* Work instructions:
Lines in the listing under this task are to be copied exactly.

'''

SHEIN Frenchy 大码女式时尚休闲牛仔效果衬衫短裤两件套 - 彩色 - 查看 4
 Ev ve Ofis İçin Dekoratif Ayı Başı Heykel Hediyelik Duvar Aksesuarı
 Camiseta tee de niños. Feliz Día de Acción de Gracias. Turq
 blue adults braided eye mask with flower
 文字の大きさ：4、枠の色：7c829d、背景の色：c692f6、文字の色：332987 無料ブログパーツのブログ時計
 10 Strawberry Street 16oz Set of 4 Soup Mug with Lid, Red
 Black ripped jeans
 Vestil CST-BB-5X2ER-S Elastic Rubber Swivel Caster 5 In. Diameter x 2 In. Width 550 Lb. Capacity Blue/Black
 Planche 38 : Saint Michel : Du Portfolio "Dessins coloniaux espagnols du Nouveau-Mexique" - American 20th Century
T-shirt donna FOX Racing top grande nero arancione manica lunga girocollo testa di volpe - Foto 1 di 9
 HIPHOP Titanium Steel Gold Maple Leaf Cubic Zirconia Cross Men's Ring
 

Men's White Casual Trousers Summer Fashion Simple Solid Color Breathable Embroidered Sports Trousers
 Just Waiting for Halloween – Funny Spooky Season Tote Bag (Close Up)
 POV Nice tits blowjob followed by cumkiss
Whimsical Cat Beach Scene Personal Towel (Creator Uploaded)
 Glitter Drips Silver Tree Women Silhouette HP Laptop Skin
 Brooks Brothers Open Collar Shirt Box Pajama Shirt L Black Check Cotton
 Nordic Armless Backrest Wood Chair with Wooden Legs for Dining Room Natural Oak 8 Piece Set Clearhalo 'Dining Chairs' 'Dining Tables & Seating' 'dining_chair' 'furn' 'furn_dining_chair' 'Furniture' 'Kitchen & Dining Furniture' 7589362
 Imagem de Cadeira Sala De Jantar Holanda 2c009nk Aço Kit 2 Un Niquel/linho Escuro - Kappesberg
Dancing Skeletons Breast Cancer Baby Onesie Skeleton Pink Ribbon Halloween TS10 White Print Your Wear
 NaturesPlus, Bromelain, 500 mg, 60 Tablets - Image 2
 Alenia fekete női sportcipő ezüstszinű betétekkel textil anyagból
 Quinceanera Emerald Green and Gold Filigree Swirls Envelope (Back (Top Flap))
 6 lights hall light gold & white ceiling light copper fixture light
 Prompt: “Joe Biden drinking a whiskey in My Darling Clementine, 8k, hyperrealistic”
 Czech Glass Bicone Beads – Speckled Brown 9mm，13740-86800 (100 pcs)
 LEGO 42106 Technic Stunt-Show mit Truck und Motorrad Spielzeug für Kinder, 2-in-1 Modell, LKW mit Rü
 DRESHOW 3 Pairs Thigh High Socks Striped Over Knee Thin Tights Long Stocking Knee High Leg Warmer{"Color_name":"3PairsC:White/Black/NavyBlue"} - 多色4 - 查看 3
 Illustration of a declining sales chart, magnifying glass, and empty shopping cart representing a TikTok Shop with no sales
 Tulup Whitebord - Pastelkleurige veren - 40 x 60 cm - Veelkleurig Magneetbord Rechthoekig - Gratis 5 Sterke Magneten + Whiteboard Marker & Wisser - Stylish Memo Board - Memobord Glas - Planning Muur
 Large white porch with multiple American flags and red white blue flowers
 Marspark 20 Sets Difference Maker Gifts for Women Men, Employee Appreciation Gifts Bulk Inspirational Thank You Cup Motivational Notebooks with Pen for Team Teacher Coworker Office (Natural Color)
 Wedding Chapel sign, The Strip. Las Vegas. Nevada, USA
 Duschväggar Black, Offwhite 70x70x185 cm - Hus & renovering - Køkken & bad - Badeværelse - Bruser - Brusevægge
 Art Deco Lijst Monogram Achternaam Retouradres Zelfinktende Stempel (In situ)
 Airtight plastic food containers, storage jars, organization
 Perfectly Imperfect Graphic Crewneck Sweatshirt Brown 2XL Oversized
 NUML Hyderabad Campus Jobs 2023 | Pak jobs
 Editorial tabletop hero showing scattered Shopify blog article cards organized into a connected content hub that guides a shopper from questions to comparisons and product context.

'''

* Output for this exercise:
SHEIN Frenchy 大码女式时尚休闲牛仔效果衬衫短裤两件套 - 彩色 - 查看 4
 Ev ve Ofis İçin Dekoratif Ayı Başı Heykel Hediyelik Duvar Aksesuarı
 Camiseta tee de niños. Feliz Día de Acción de Gracias. Turq
 blue adults braided eye mask with flower
 文字の大きさ：4、枠の色：7c829d、背景の色：c692f6、文字の色：332987 無料ブログパーツのブログ時計
 10 Strawberry Street 16oz Set of 4 Soup Mug with Lid, Red
 Black ripped jeans
 Vestil CST-BB-5X2ER-S Elastic Rubber Swivel Caster 5 In. Diameter x 2 In. Width 550 Lb. Capacity Blue/Black
 Planche 38 : Saint Michel : Du Portfolio "Dessins coloniaux espagnols du Nouveau-Mexique" - American 20th Century
T-shirt donna FOX Racing top grande nero arancione manica lunga girocollo testa di volpe - Foto 1 di 9
 HIPHOP Titanium Steel Gold Maple Leaf Cubic Zirconia Cross Men's Ring
 

Men's White Casual Trousers Summer Fashion Simple Solid Color Breathable Embroidered Sports Trousers
 Just Waiting for Halloween – Funny Spooky Season Tote Bag (Close Up)
 POV Nice tits blowjob followed by cumkiss
Whimsical Cat Beach Scene Personal Towel (Creator Uploaded)
 Glitter Drips Silver Tree Women Silhouette HP Laptop Skin
 Brooks Brothers Open Collar Shirt Box Pajama Shirt L Black Check Cotton
 Nordic Armless Backrest Wood Chair with Wooden Legs for Dining Room Natural Oak 8 Piece Set Clearhalo 'Dining Chairs' 'Dining Tables & Seating' 'dining_chair' 'furn' 'furn_dining_chair' 'Furniture' 'Kitchen & Dining Furniture' 7589362
 Imagem de Cadeira Sala De Jantar Holanda 2c009nk Aço Kit 2 Un Niquel/linho Escuro - Kappesberg
Dancing Skeletons Breast Cancer Baby Onesie Skeleton Pink Ribbon Halloween TS10 White Print Your Wear
 NaturesPlus, Bromelain, 500 mg, 60 Tablets - Image 2
 Alenia fekete női sportcipő ezüstszinű betétekkel textil anyagból
 Quinceanera Emerald Green and Gold Filigree Swirls Envelope (Back (Top Flap))
 6 lights hall light gold & white ceiling light copper fixture light
 Prompt: “Joe Biden drinking a whiskey in My Darling Clementine, 8k, hyperrealistic”
 Czech Glass Bicone Beads – Speckled Brown 9mm，13740-86800 (100 pcs)
 LEGO 42106 Technic Stunt-Show mit Truck und Motorrad Spielzeug für Kinder, 2-in-1 Modell, LKW mit Rü
 DRESHOW 3 Pairs Thigh High Socks Striped Over Knee Thin Tights Long Stocking Knee High Leg Warmer{"Color_name":"3PairsC:White/Black/NavyBlue"} - 多色4 - 查看 3
 Illustration of a declining sales chart, magnifying glass, and empty shopping cart representing a TikTok Shop with no sales
 Tulup Whitebord - Pastelkleurige veren - 40 x 60 cm - Veelkleurig Magneetbord Rechthoekig - Gratis 5 Sterke Magneten + Whiteboard Marker & Wisser - Stylish Memo Board - Memobord Glas - Planning Muur
 Large white porch with multiple American flags and red white blue flowers
 Marspark 20 Sets Difference Maker Gifts for Women Men, Employee Appreciation Gifts Bulk Inspirational Thank You Cup Motivational Notebooks with Pen for Team Teacher Coworker Office (Natural Color)
 Wedding Chapel sign, The Strip. Las Vegas. Nevada, USA
 Duschväggar Black, Offwhite 70x70x185 cm - Hus & renovering - Køkken & bad - Badeværelse - Bruser - Brusevægge
 Art Deco Lijst Monogram Achternaam Retouradres Zelfinktende Stempel (In situ)
 Airtight plastic food containers, storage jars, organization
 Perfectly Imperfect Graphic Crewneck Sweatshirt Brown 2XL Oversized
 NUML Hyderabad Campus Jobs 2023 | Pak jobs
 Editorial tabletop hero showing scattered Shopify blog article cards organized into a connected content hub that guides a shopper from questions to comparisons and product context.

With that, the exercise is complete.